Unlike the above, below is just my speculation (that I moved from other thread, since maybe a bit off-topic there):
@elrod [are you only working on dense?]
This (likely) “sparsity 133/8 = 16.625” got got me thinking, how would you design hardware (or software, maybe we can do better for Julia) for sparse matrices.
I’m guessing matrices are split up into 4x4=16-sized blocks/submatrices (would 1x16 for one matrix and 16x1 be better for the other you are multiplying, or maybe 2x8 etc.?).
If your matrix is very sparse only at most one value will be nonzero in those submatrices. You could encode the emptyness of the submatrices into 1 bit, 0 for empty, 1 for non-empty (one or, hopefully not more).
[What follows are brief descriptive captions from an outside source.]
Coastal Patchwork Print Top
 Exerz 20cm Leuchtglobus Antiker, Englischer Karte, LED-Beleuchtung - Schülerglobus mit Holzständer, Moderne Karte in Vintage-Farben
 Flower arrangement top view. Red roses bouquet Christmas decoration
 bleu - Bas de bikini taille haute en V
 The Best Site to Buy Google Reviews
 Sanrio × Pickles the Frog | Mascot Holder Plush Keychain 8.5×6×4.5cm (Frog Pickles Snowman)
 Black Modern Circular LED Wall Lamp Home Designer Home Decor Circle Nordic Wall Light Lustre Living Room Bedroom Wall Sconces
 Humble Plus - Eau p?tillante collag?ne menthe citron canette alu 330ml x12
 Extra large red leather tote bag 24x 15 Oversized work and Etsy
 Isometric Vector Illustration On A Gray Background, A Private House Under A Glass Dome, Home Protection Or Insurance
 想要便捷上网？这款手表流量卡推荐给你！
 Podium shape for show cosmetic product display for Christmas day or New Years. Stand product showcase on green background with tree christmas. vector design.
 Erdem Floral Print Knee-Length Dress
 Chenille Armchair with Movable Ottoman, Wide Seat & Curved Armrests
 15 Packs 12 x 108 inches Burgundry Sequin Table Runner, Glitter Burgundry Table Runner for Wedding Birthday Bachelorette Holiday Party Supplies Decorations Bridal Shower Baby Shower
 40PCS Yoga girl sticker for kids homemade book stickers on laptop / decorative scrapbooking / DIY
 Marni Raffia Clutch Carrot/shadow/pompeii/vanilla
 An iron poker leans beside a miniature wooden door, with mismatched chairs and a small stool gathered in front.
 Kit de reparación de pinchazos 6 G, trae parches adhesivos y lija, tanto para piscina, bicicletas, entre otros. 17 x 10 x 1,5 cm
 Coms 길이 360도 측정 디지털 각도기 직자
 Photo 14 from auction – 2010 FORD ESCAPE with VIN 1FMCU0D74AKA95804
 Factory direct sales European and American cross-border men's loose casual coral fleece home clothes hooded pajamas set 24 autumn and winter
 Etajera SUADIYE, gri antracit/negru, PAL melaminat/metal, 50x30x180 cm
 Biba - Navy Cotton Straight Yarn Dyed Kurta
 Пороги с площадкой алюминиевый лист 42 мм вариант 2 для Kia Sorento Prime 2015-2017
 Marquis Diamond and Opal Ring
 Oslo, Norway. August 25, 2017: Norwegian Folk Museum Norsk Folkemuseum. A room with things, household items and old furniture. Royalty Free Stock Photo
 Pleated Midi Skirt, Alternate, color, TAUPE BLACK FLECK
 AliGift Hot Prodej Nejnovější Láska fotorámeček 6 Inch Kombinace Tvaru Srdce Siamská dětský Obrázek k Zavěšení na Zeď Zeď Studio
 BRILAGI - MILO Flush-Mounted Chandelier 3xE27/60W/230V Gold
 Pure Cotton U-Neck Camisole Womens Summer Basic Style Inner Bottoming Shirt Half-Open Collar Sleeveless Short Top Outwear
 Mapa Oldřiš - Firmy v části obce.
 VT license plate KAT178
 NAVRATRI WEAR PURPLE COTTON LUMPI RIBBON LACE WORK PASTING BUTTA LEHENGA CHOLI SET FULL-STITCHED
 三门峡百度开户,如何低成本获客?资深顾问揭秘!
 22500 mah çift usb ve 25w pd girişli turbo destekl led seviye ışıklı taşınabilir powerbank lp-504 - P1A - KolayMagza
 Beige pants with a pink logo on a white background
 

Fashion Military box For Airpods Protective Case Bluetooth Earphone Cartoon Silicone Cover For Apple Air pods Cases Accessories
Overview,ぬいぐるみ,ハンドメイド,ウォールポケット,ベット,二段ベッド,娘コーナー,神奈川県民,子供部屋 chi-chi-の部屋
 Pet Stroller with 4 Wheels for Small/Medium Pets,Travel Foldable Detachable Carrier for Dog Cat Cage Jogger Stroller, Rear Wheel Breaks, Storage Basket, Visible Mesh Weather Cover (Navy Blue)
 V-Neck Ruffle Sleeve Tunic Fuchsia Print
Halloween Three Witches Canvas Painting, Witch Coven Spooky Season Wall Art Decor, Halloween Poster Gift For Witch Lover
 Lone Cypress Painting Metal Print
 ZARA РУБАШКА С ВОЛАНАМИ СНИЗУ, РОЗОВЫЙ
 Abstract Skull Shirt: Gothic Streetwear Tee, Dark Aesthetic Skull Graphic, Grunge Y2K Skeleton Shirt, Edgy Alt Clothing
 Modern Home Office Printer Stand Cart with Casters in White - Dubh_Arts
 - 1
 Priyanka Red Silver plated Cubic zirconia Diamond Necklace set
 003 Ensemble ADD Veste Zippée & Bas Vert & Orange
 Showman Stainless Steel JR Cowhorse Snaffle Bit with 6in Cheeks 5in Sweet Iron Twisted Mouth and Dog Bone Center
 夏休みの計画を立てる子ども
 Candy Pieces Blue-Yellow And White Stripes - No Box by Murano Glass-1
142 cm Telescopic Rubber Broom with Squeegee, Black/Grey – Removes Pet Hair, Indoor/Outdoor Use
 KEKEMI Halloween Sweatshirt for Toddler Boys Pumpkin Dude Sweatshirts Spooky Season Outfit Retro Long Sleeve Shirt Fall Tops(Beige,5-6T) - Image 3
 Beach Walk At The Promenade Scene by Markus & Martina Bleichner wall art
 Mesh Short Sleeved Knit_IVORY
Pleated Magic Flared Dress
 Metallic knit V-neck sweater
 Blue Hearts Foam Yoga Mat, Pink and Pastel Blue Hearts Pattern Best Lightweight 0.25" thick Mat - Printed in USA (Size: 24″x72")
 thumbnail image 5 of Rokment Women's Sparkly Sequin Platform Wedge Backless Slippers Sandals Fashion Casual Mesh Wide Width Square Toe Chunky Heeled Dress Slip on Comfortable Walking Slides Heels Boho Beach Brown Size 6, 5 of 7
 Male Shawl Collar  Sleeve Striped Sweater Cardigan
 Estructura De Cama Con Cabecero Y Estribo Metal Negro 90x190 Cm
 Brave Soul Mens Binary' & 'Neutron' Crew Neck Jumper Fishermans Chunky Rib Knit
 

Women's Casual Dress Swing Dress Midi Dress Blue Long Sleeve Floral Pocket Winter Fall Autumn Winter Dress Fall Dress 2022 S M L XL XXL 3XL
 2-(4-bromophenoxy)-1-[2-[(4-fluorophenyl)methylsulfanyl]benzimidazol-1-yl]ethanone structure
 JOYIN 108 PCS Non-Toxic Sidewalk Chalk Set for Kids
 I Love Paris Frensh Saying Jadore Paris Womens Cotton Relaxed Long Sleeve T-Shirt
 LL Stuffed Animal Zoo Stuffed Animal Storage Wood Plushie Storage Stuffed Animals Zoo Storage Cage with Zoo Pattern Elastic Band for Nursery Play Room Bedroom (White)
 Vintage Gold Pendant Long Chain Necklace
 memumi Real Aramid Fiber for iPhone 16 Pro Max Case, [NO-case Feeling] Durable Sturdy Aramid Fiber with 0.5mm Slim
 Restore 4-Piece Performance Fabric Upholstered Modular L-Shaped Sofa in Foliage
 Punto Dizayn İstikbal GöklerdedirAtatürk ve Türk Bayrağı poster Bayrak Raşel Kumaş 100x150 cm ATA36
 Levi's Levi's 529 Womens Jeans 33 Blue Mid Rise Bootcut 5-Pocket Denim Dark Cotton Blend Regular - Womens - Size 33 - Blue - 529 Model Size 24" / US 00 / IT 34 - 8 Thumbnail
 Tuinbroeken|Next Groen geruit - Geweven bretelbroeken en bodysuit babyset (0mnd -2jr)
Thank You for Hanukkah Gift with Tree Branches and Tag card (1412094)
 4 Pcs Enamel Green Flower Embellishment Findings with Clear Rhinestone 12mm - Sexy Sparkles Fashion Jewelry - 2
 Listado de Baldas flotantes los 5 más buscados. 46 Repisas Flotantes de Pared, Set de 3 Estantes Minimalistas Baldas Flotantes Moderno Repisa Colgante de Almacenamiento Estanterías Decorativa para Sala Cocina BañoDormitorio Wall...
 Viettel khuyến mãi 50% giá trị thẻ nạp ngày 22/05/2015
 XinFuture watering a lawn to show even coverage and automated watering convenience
With such a dense array encoding the structure, you can bit-multiply to see where you actually need to calculate later the actual result, in a separate step. [This would also work for larger block, I’m not wedded to 16 in a block.]
You need to also keep track of your actual non-zero values, for e.g. Float8 in 4x4 box, you needs 8-bit, plus 2-bit x 2-bit for its position = 4 bits. If the box is empty you could store 0.0 in the Float8 part, and use or ignore the position. And maybe just use that (such arrays) and skip the bit-array…
This gives you 1.5 bytes for 4x4 subarrays that otherwise would give you 16 bytes (assuming max one non-zero, the common case), so only 10.6x compression, and you’ve still not handled the unlikely case when more than one non-zero in some box. I was thinking some overlay, one for the other 1+ non-zeros (or strictly 0 - max 15 extra), with a different structure (same as Julia already has?), or maybe a list of up to max 15 overlay arrays with same structure as previously described, with the completely non-zero for the full arrays eliminated in storage and computation.
Good design?